Mandatory, prohibited, and optional clauses
Lucene has a somewhat unique way of combining multiple clauses in a query string. It is tempting to think of this as a mundane detail common to boolean operations in programming languages, but Lucene doesn't quite work that way.
A query expression is decomposed into a set of unordered clauses of three types:
A clause can be mandatory:
(for example, only artists containing the
word Smashing)
+Smashing
A clause can be prohibited:
(for example, all documents except those
with Smashing)
-Smashing
A clause can be optional:
Smashing
Boolean operators
When the AND or && operator is used between clauses, then both the left and right sides of the operand become mandatory, if not already marked as prohibited. So:
Smashing AND Pumpkins is equivalent to:
+Smashing +Pumpkins
Similarly, if the OR or || operator is used between clauses, then both the left and right sides of the operand become optional, unless they are marked mandatory or prohibited. If the default operator is already OR then this syntax is redundant. If the default operator is AND, then this is the only way to mark a clause as optional.
To match artist names that contain Smashing or Pumpkins try:
Smashing || Pumpkins
The NOT operator is equivalent to the - syntax. So to find artists with Smashing but not Atoms in the name, you can do this:
Smashing NOT Atoms
Sub-expressions (aka sub-queries)
You can use parenthesis to compose a query of smaller queries. The following example satisfies the intent of the previous example:
(Smashing AND Pumpkins) OR (Green AND Day)
Using what we know previously, this could also be written as:
(+Smashing +Pumpkins) (+Green +Day)
But this is not the same as:
+(Smashing Pumpkins) +(Green Day)
Limitations of prohibited clauses in sub-expressions
Lucene doesn't actually support a pure negative query, for example:
-Smashing -Pumpkins
Solr enhances Lucene to support this, but only at the top level query expression such as in the example above. Consider the following admittedly strange query:
Smashing (-Pumpkins)
This query attempts to ask the question: Which artist names contain either Smashing or do not contain Pumpkins? However, it doesn't work and only matches the first clause—(4 documents). The second clause should essentially match most documents resulting in a total for the query that is nearly every document. The artist named Wild Pumpkins at Midnight is the only one in my index that does not contain Smashing but does contain Pumpkins, and so this query should match every document except that one. To make this work, you have to take the sub-expression containing only negative clauses, and add the all-documents query clause: *:*,
as shown below:
Smashing (-Pumpkins *:*)
Field qualifier
To have a clause explicitly search a particular field, precede the relevant clause with the field's name, and then add a colon.
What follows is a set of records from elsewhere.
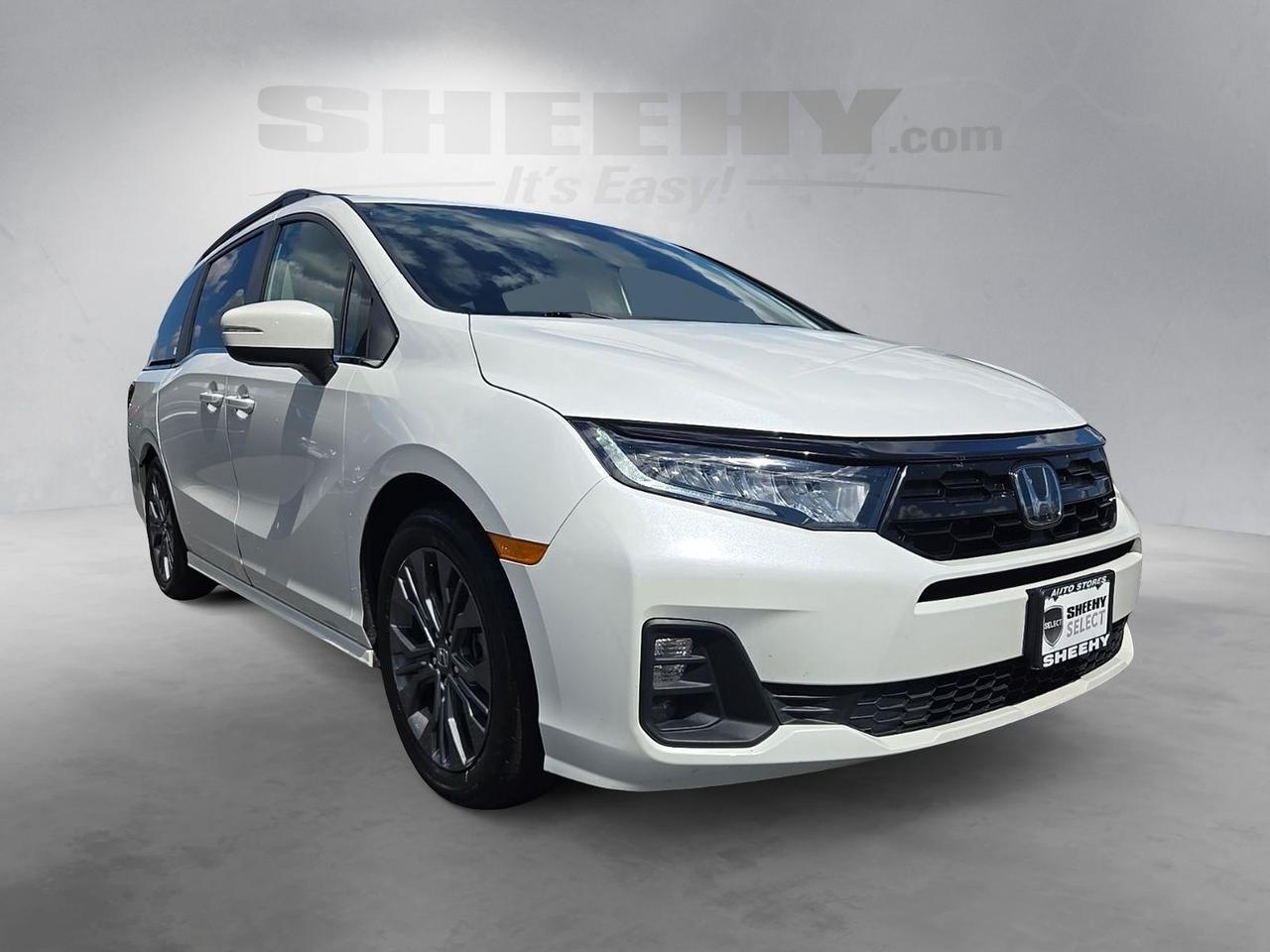 2025 Honda Odyssey Touring Fredericksburg VA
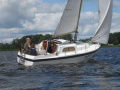 Danboat 23 Segelyacht
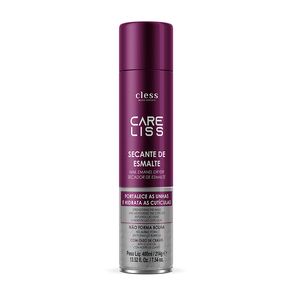 Spray Secante de Esmalte Cless Care Liss Óleo de Cravo 400ml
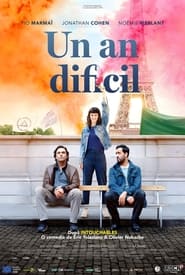Un an dificil - A Difficult Year (2023)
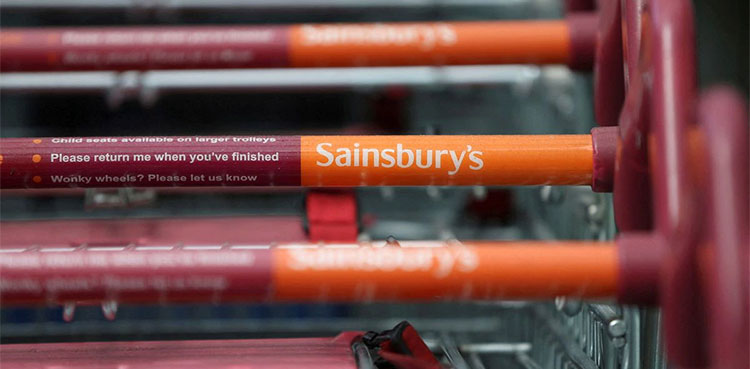 Sainsbury's jobs UK workers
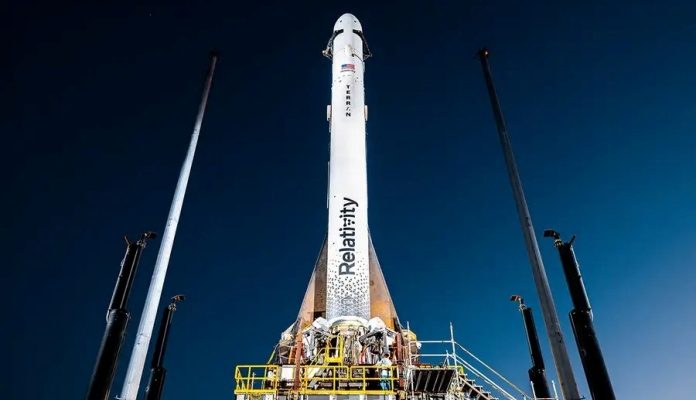 Meet the First 3D Printed Rocket to Launch into Space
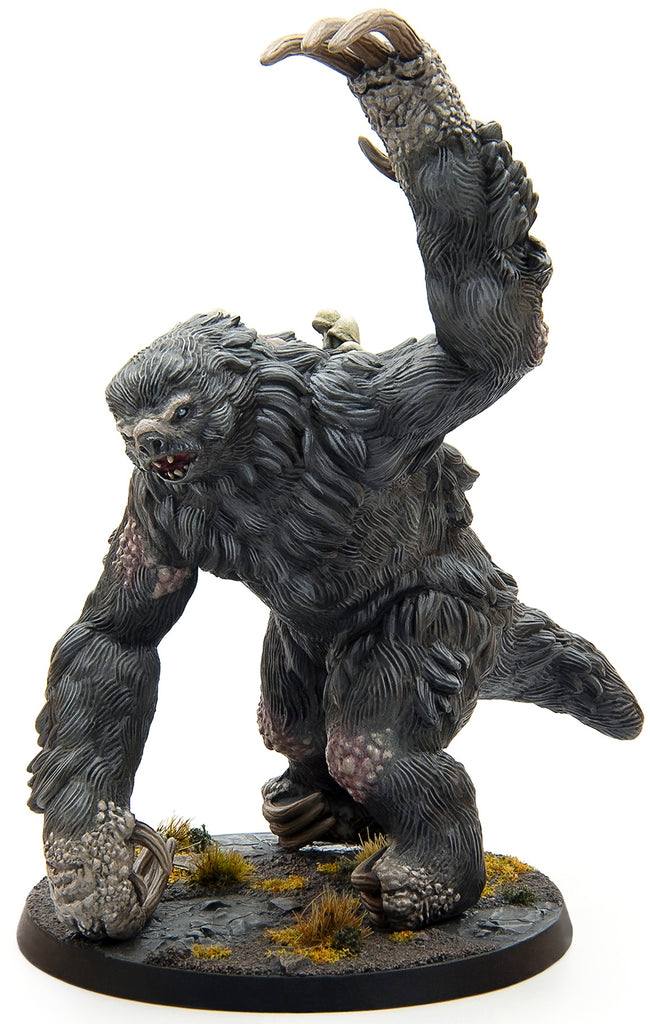 401 Games Canada - Fallout: Wasteland Warfare - Creatures - Megasloth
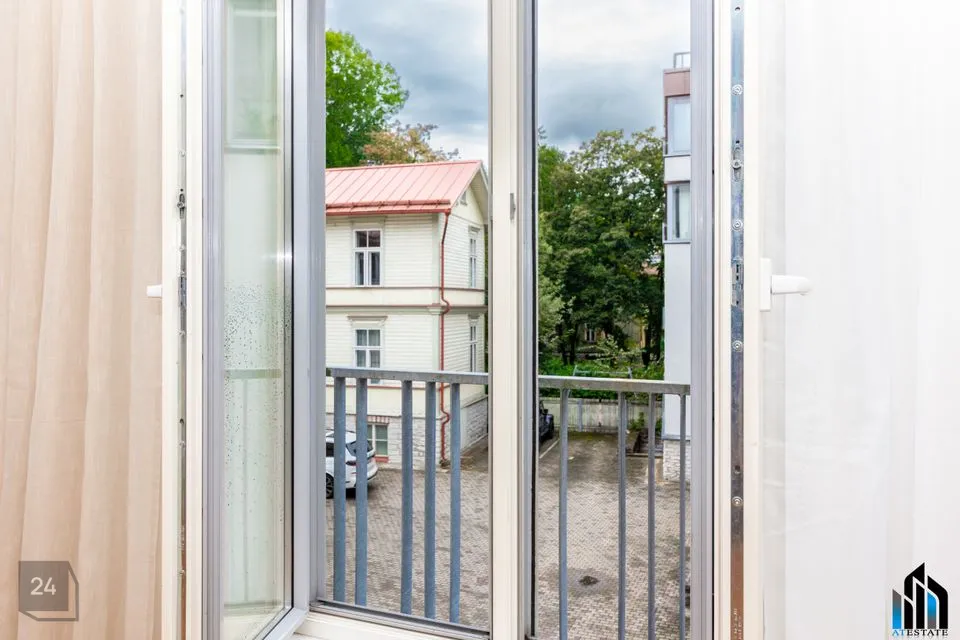 1-toaline Korter - Tallinn, Kesklinna linnaosa - foto 5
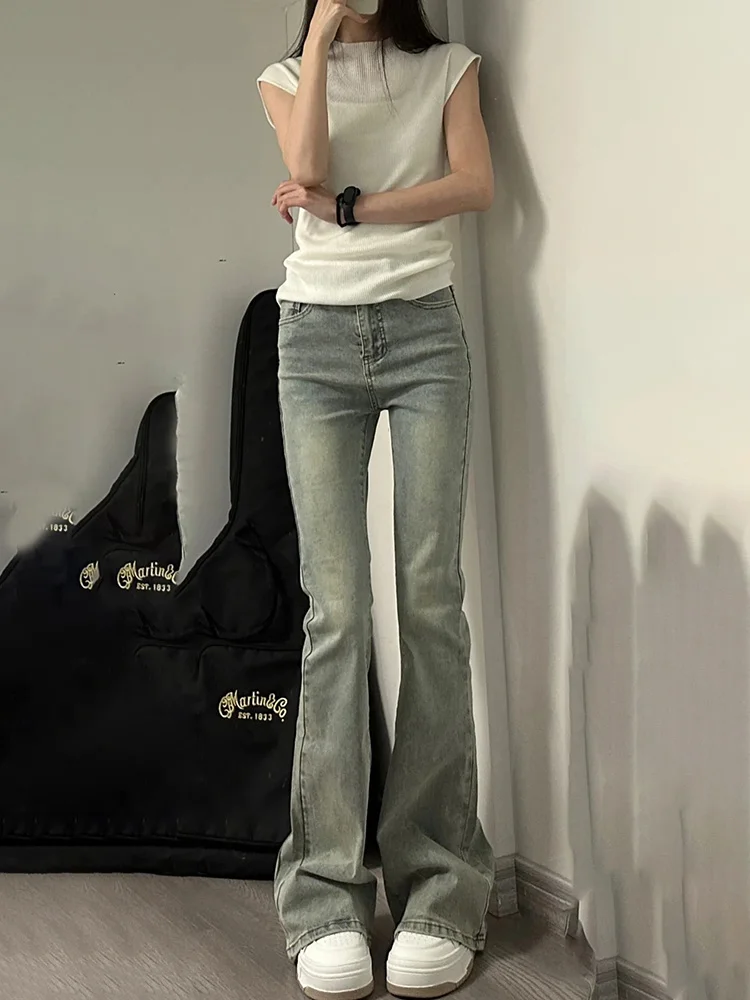 Джинсы для девочек, осенняя одежда, корейская женская одежда, рваные, рваные, рваные, с рваными дырками, с вырезами, рваные, потертый подол, стираный винтажный вид
Джинсы для девочек, осенняя одежда, корейская женская одежда, рваные, рваные, рваные, с рваными дырками, с вырезами, рваные, потертый подол, стираный винтажный вид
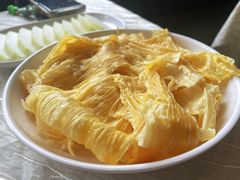 支竹-鲍馬爺·首创鲍鱼鸡(银座店)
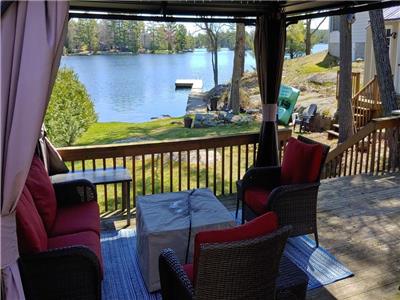 3 Bedroom Cottage on Big Bald Lake - Kawartha Lakes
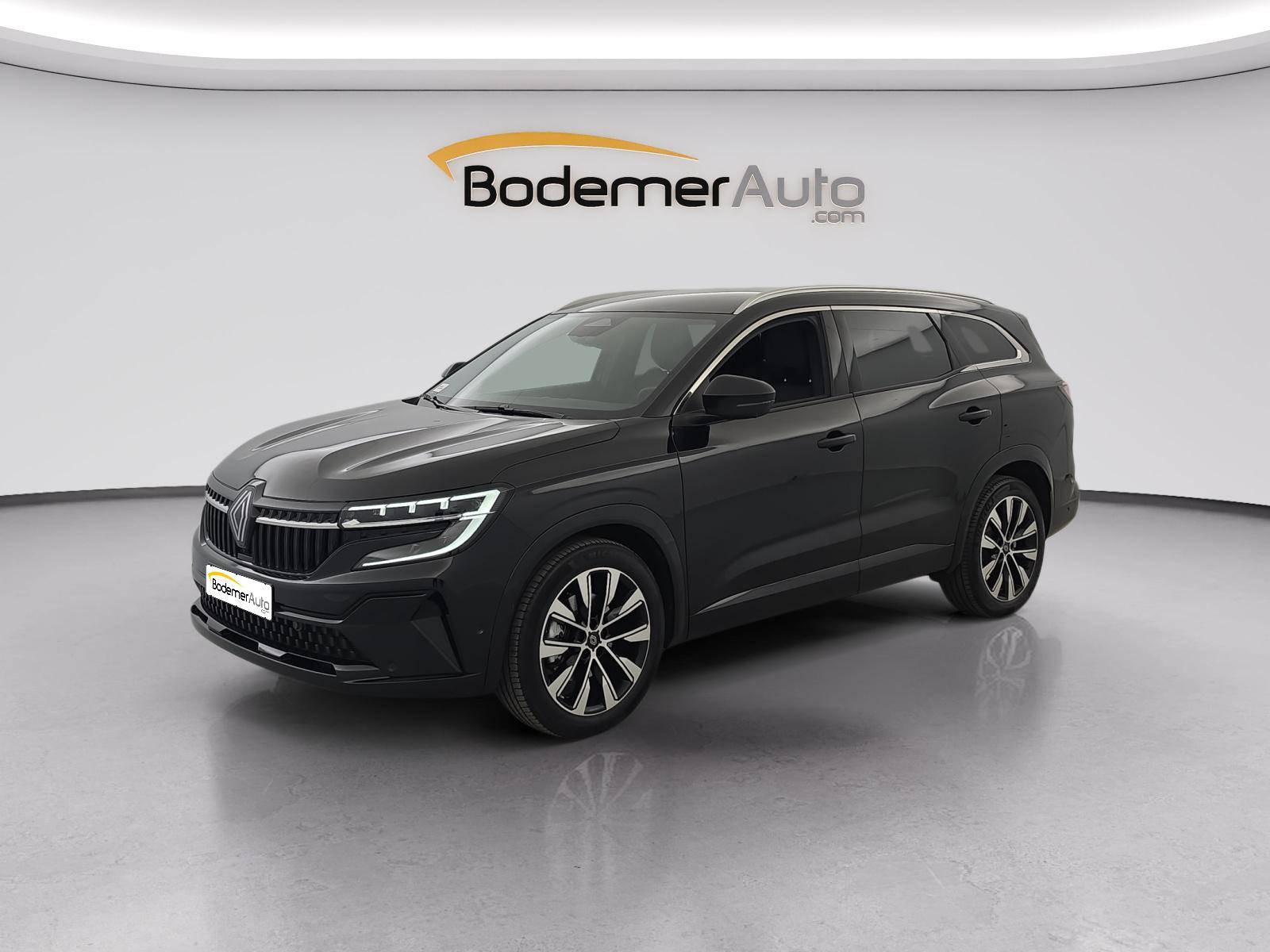 Renault Espace Espace E-Tech full hybrid 200 GSR2 occasion de 2025 en vente à Concarneau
Spaces may be used in-between, but that is generally not done.
a_member_name:Corgan
This matches bands containing a member with the name Corgan. To match, Billy and Corgan:
+a_member_name:Billy +a_member_name:Corgan
Or use this shortcut to match multiple words:
a_member_name:(+Billy +Corgan)
Phrase queries and term proximity
A clause may be a phrase query (a contiguous series of words to be matched in that order) instead of just one word at a time. In the previous examples, we've searched for text containing multiple words like Billy and Corgan, but let's say we wanted to match Billy Corgan (that is the two words adjacent to each other in that order). This further constrains the query. Double quotes are used to indicate a phrase query, as shown below:
"Billy Corgan"
Related to phrase queries is the notion of the term proximity, aka the slop factor or a near query. In our previous example, if we wanted to permit these words to be separated by no more than say three words in–between, then we could do this:
"Billy Corgan"~3
Wildcard queries
A Lucene index fundamentally stores analyzed terms (words after lowercasing and other processing), and that is generally what you are searching for. However, if you really need to, you can search on partial words. But there are issues with this:
...
To find artists containing words starting with Smash, you can do:
smash*
Or perhaps those starting with sma and ending with ing:
sma*ing
The asterisk matches any number of characters (perhaps none). You can also use ?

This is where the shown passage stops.